Provided records
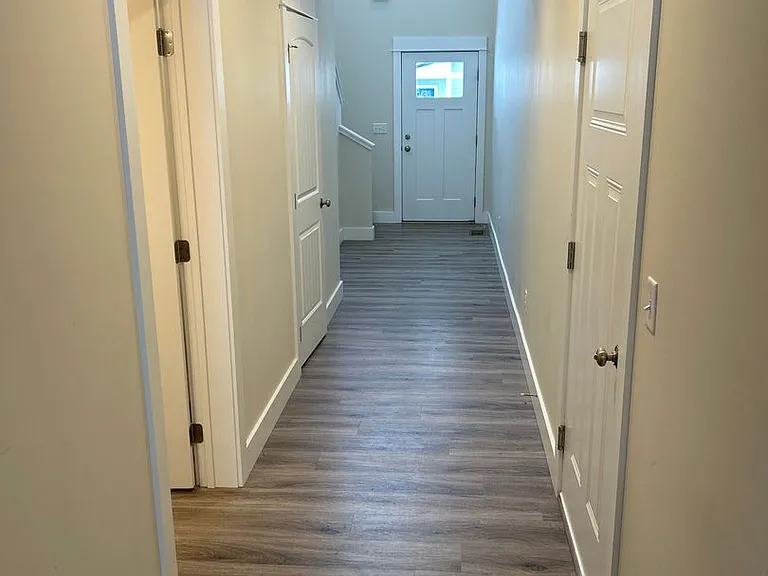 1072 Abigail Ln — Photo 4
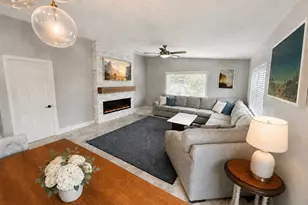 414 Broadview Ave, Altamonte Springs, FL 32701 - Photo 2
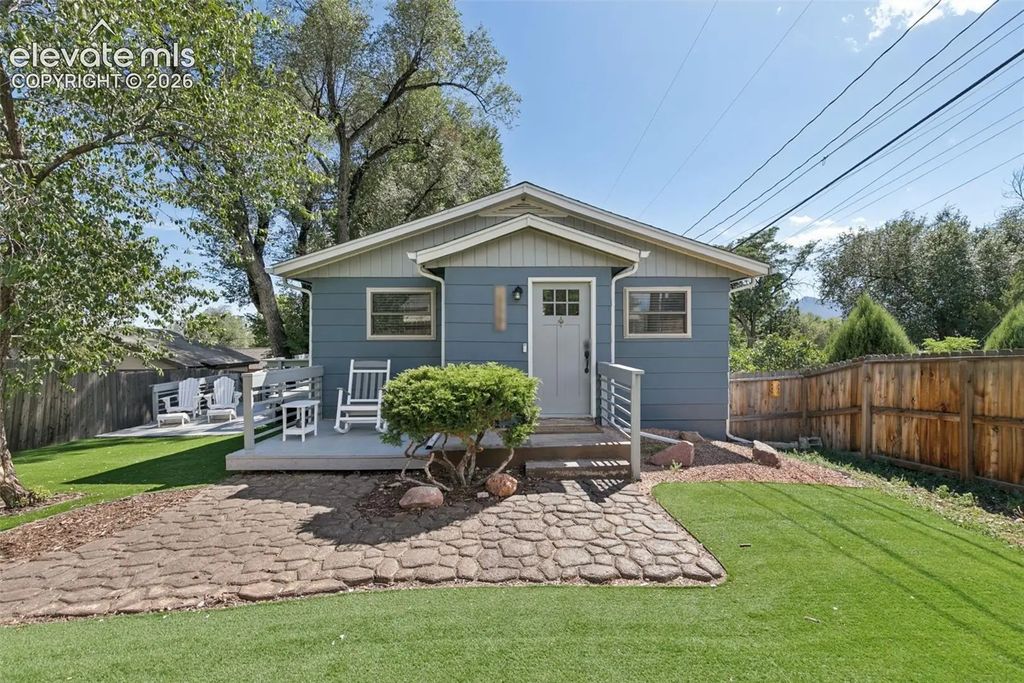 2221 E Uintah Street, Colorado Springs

==

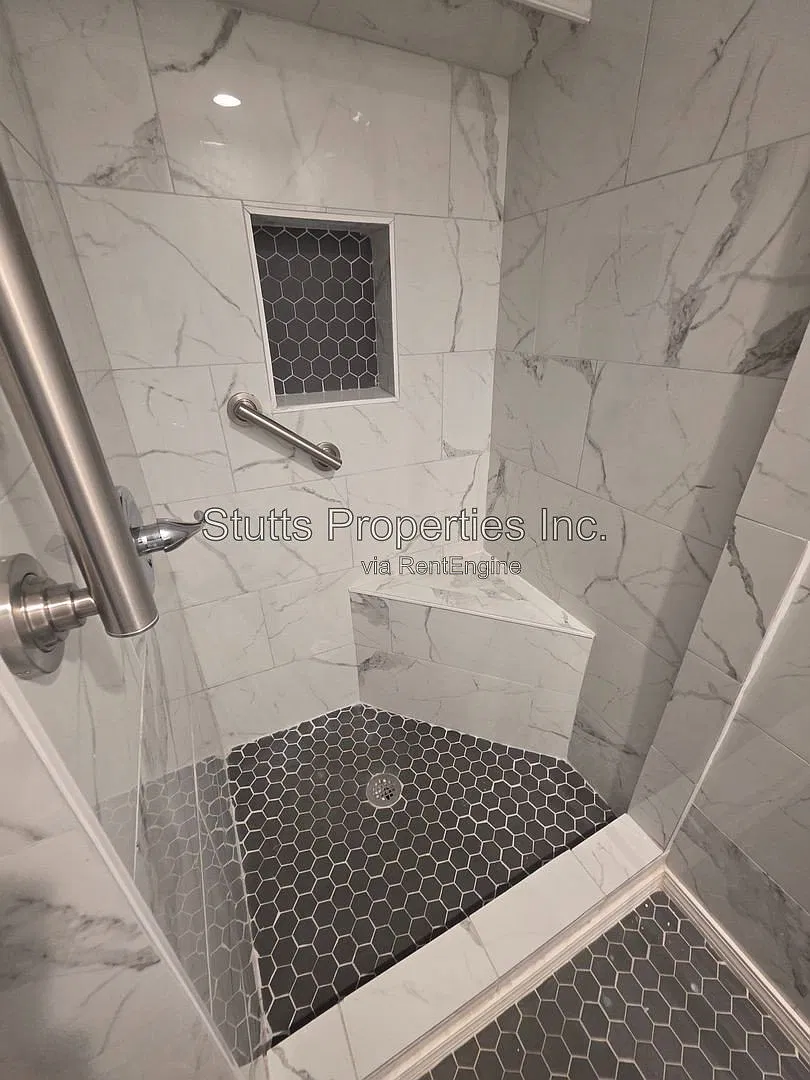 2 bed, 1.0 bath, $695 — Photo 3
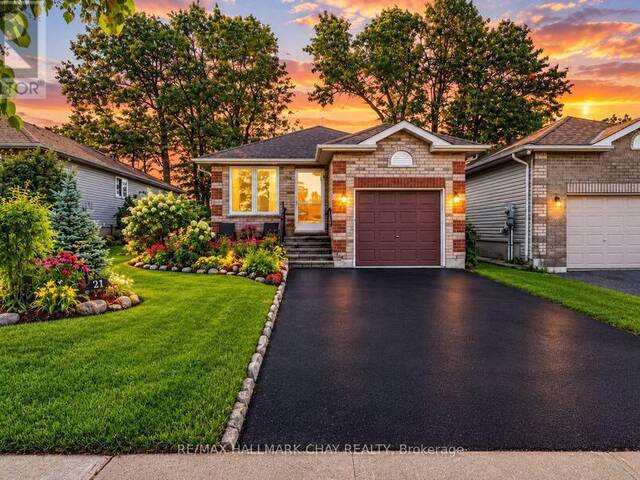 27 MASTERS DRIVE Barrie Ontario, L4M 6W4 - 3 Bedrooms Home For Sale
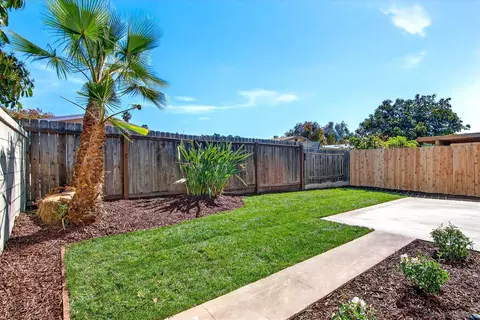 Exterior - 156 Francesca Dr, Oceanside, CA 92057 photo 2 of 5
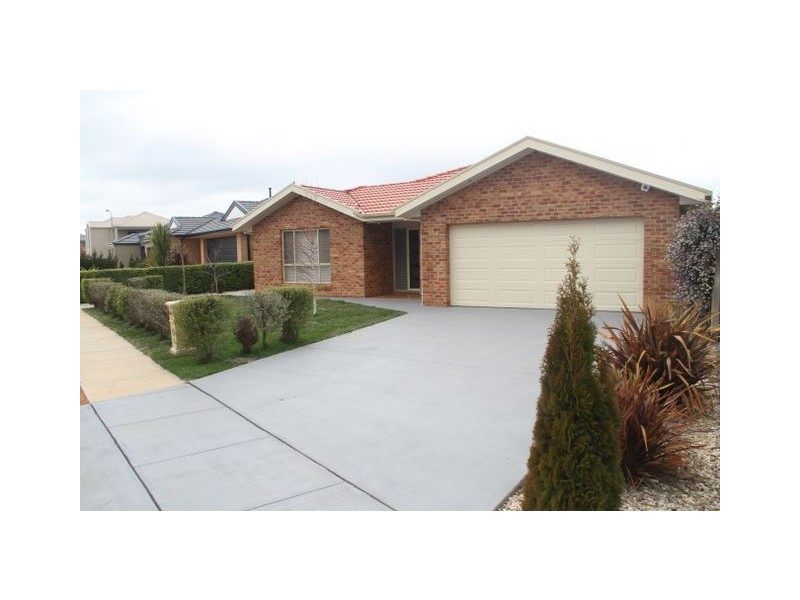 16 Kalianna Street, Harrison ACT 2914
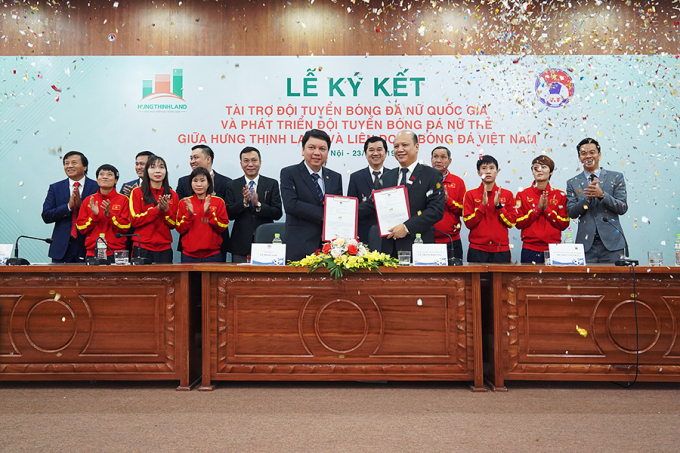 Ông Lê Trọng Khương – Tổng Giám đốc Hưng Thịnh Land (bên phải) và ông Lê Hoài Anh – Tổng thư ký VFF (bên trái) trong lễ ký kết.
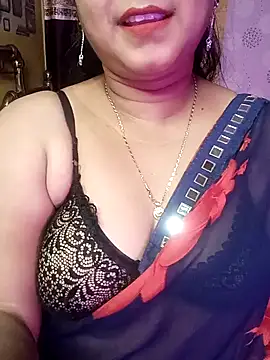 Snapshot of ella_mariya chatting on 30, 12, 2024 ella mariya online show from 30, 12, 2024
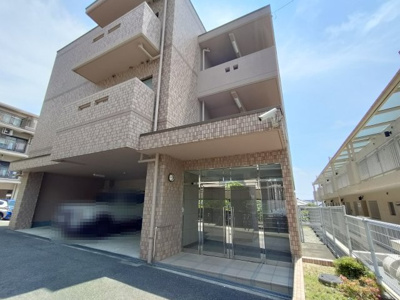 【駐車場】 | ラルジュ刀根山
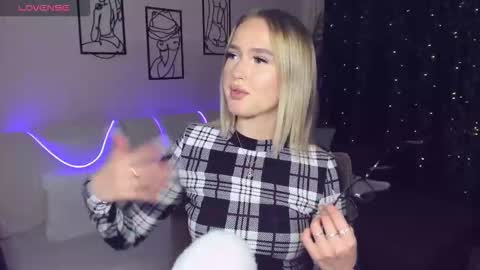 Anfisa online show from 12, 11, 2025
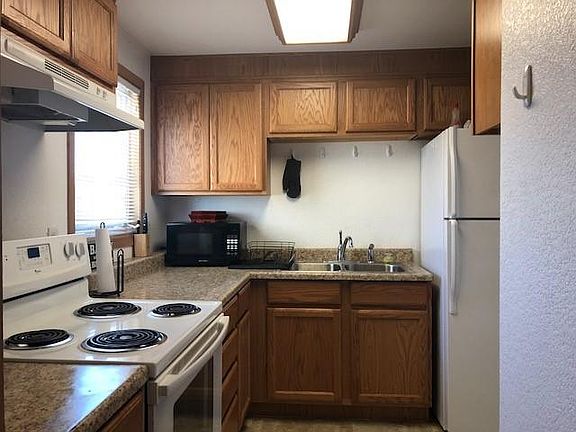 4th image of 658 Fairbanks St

Required work
Text only, no pictures: please print exactly the lines above from the line with "Anfisa online show from 12, 11, 2025" up to and including the line with "4th image of 658 Fairbanks St", and nothing else.

Solution for this problem
 Anfisa online show from 12, 11, 2025
 4th image of 658 Fairbanks St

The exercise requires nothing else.